New user sees ignorance here on the Dope (about Trump)

I think this might be the longest conversation I’ve been a part of on the dope about poop. The breadth of conversation that happens on this board is stunning to me sometimes.

Yes, I’m sure there are FQ threads about the same thing. I’m begging you, (yes YOU) not to post them here. :nauseated_face:

You can dunk a turd in water, but you can’t make it drink.

Just, avoid exploring the texture of almond milk

Proves it: you can milk a turd!

Nope not clicking that link.

Not doing it.

Just say no.

I did.

Against Rump, that would work better than Mace

Even TIME thinks so.

Instead of a bum, which is what he is.

You’d think bone spurs would make you a good cowboy, at least. But pity the poor horse that would carry Trump.

You’d need a Clodsdale…

:notes:

I got spurs that jingle, jangle, jingle
As I go ridin’ merrily along
And they sing, “Oh, ain’t you glad you’re single”
And that song ain’t so very far from wrong

:notes:

This was bothering me, so I listened to the song, and to me it still sounds like he says “…that’s the hand they use, well, never mind”. The enunciation is kind of muddy, but it does mean something slightly different.

I think it’s “That’s the hand you use” (the generic “you”) - and it’s “never mind” because he can’t finish the thought (which is “to wipe your bum” (back in 1980 or so, an old fellow noticed I was left-handed and said “that’s the hand the devil uses to wipe his ass!”)

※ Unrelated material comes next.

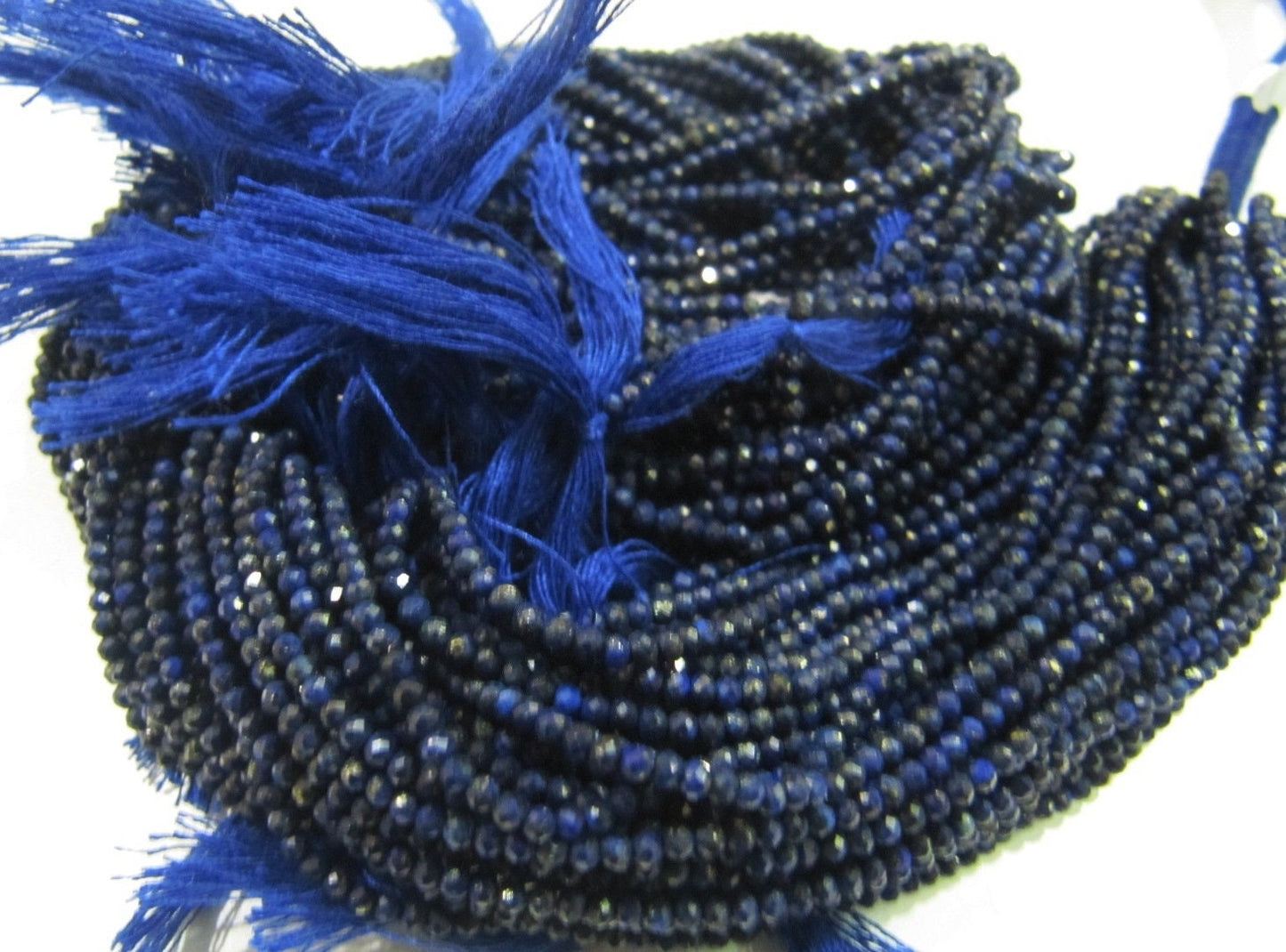 Natural Lapis Lazuli Israel Cut Rondelle Faceted 2-2.5mm Beads Genuine Lapis Lazuli Gemstone Beads sold per strand 13 inches long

He was deep in his Dylan* period so who knows? I’ve heard it as that’s the hand to use so I looked it up on a lyrics site. Of course, those aren’t 100% accurate either.

*He’s so unhip that when you say Dylan
He thinks you’re talking about Dylan Thomas
Whoever he was
The man ain’t got no culture

Interesting. My search for lyrics shows That’s the hand I use.

That’s it! No more internet until you guys fix it so there’s some fucking consistency!

(The above is addressed to whoever is in charge of these things. I understand IT Managers are a thing, so, them, I guess)

I asked them on your behalf and they said it’s scheduled for a future upgrade, no ETA.

Then everybody Go Outside until further notice.

No! Do NOT go outside! Remain indoors!

“That’s the hand to use, well never mind” is the joke I hear. He takes the voice of a proscriptive fanatic for a brief second. Otherwise it doesn’t mean anything.

Heh, that’s what I hear when I ask the DPW when the crumbling, multi-patched stretch of my street is going to get repaved.